I ended up leaving after standing sequence. I did one pose in seated and suddenly thought, what am I doing here? I don't feel right, breathing isn't helping, I should head. I emailed my teacher when I got home and she wrote back later, wondering if it was to do with my mood (I had been chatting on the phone when I arrived and also chatting with another student, at her behest), and made some valid points about mindset, but then the next morning I woke up with razor blade throat, and have not been very well since.
I cancelled Saturday morning as I really wasn't feeling well - I have been battling throat/chest/sinus fun all weekend, had a stinking migraine on Friday night after a 12 hour day interviewing at work, and then felt nauseous, woozy and headachy all Saturday, exhausted all Sunday (though that may have in part been to do with the camping trip I took on a cold January evening with 75 other women - more another time!) and Monday.
I made the call on Tuesday to cancel Wednesday yoga, even though I have retrospectively realised it would be a moon practice (my favourite!) because of the weird blue blood moon that's about at the moment.

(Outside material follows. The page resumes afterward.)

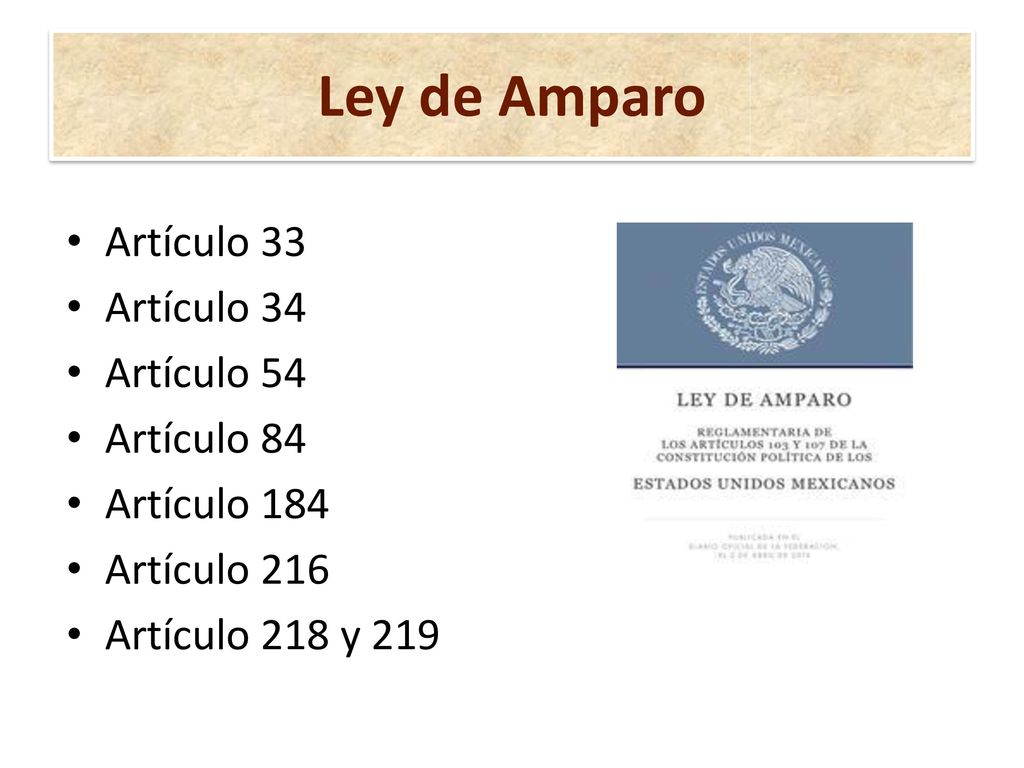Ley de Amparo Artículo 33 Artículo 34 Artículo 54 Artículo 84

Shame, but I wasn't feeling very good - although I actually think I would have been able to manage it, maybe it's better just to chill this week and get back to it on the weekend. This way of thinking has been borne out by the joyous advent of feeling intensely anxious tonight, probably because...
...it's a week until I'll hear whether I've got on the yoga teacher training course I want to do. Kind of a big deal for me. Also work is busy, and I am having to buck myself up as little bits of me are struggling with confidence at the moment (I'm not doing anything wrong, no one is being negative, I'm just doubting myself and my inability to keep a straight face in meetings when presented with unexpected things...)
In more positive news, my new mat came. I got a green Liforme. It's much heavier than I expected, and I'm a little nervous about lugging it about all over London in years to come, but hey, it's meant to be quality. I haven't tried it out yet but will definitely be doing so in the next few days. I also received a BRIGHT GREEN Infinity band, which is a stretchy yoga band in the shape of the infinity loop which you can use to help you get into binds and positions like supta hasta padangusthaasana (if you're like me and have no flexibility whatsoever in your back).
Also, last week, I got to teach a friend (in some ways). She's been training to teach yoga but with a really limited course and little to no prior experience of yoga. I was going to bunny for her (i.e. get her to teach me) but in the end I ended up teaching her more than I did what she told me to do. I hope it was helpful, and it was also good to be able to see where I'm at in terms of helping other people. The yoga teacher at our gym has asked me to do covers when I'm allowed to teach, which is exciting, I just need to get on the course and get on with it now!